# Which Universe and Which You Is The Real You



## BAYLOR (Nov 25, 2014)

Okay, according to the theory of parallel universes every you make choice happens which creates  a parallel universe. Now keep in mind there  7 billion people on Earth which this also happens to  and given the fact that there are   probably intelligent life on other planets multiplies things a bit further.

The big question, How would you  know if you  and the  universe you are in is the original or merely a branching alternate to the original?  

Is there truly an original incarnation as we understand it? 


Thoughts ?


----------



## chrispenycate (Nov 25, 2014)

If you accept the almost-infinite alternative universes theory there is no original or copy, just as with the Hubble bubble there is no centre to the universe; all choices are equally viable. Or any specific point is the expansion centre for everything. This, however, seems improbable; not all choices are equal probability. Not all human choices, that is; when it comes to subatomic particles things might be rather more cut and dried.

So we are not in a Niven 'all the myriad ways' scenario. If it's human freedom of action that counts, alternative universes only started when life gained enough complexity to recognise different possibilities.


----------



## David Evil Overlord (Nov 25, 2014)

Oh, story idea!


----------



## Venusian Broon (Nov 25, 2014)

Oh you humans are so obsessed, even when given ample evidence against it, to be the the 'first', the 'original', or the 'centre of "Something"'. 



BAYLOR said:


> The big question, How would you know if you and the universe you are in is the original or merely a branching alternate to the original?



Actually you answered your own question, in this scheme when a universe 'branches' why label one the 'original' and one the 'new'. Both universes are identical apart from the change that has wrought the split, both are now 'branches'. It's all branches, is surely the easiest and best option! The only branch that matters is the one that you are on right now.

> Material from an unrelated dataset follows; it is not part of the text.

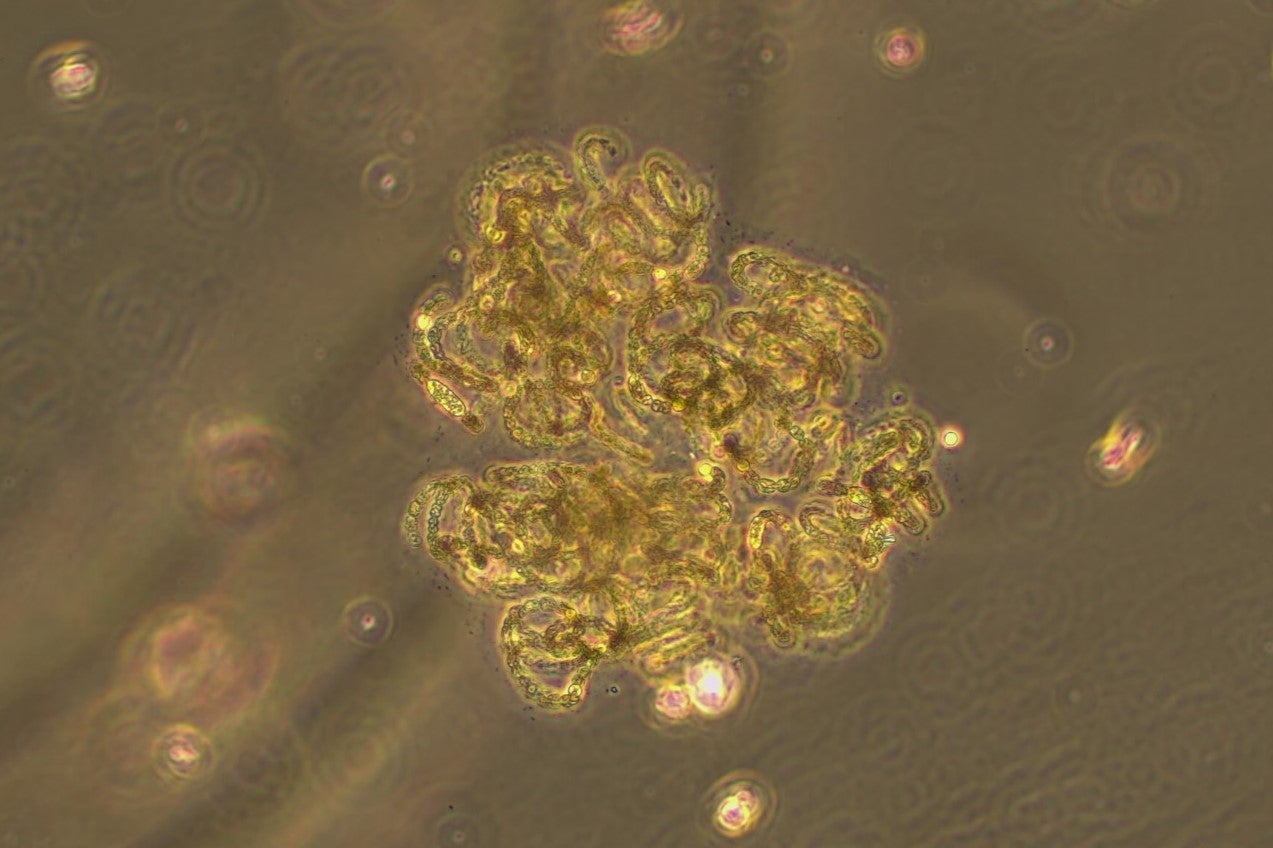 Clump of microscopic bacteria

Now I'm sure you'll say: But there was one universe, then the split came and then SHAZAAAM another universe pops into existence. So there must have been a first one. If a 'multi-verse' worked that way (mmm, it seems such a wasteful way of doing things, but hey-ho its nice thinking about it ) then when each new universe pops into existence it is identical to its partner apart from the tiny change. Thus someone in the this new universe examining it would see that it's origin went all the way back to the big bang i.e. there is no way, it's _impossible_, of telling if it actually was created in a flash at some point later than the big bang. So why worry about impossibilities. It's impossible for you, a finite being, to type every number that must exist, so you don't attempt that, right?  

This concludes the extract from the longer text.